- _Input data_:
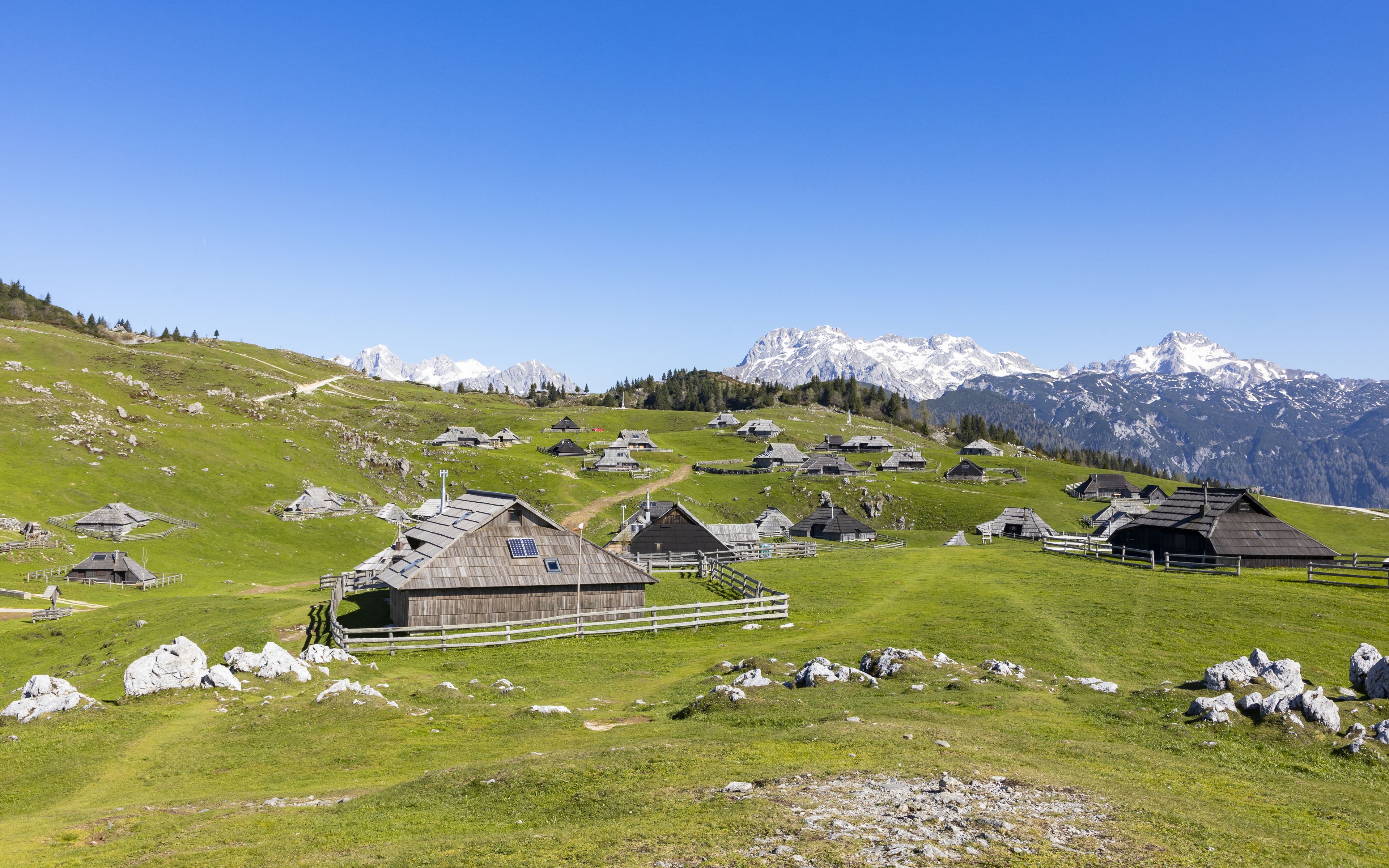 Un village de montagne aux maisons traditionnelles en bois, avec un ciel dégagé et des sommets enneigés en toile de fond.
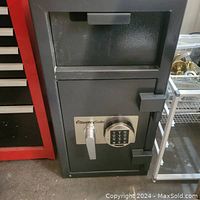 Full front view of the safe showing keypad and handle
--
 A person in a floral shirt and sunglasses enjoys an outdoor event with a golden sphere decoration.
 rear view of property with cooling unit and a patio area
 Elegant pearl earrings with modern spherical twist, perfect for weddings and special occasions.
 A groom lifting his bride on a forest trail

- _Activity_: Return, from the data above, each line in which the string "with" appears.

- _Your solution_:
 A person in a floral shirt and sunglasses enjoys an outdoor event with a golden sphere decoration.
 rear view of property with cooling unit and a patio area
 Elegant pearl earrings with modern spherical twist, perfect for weddings and special occasions.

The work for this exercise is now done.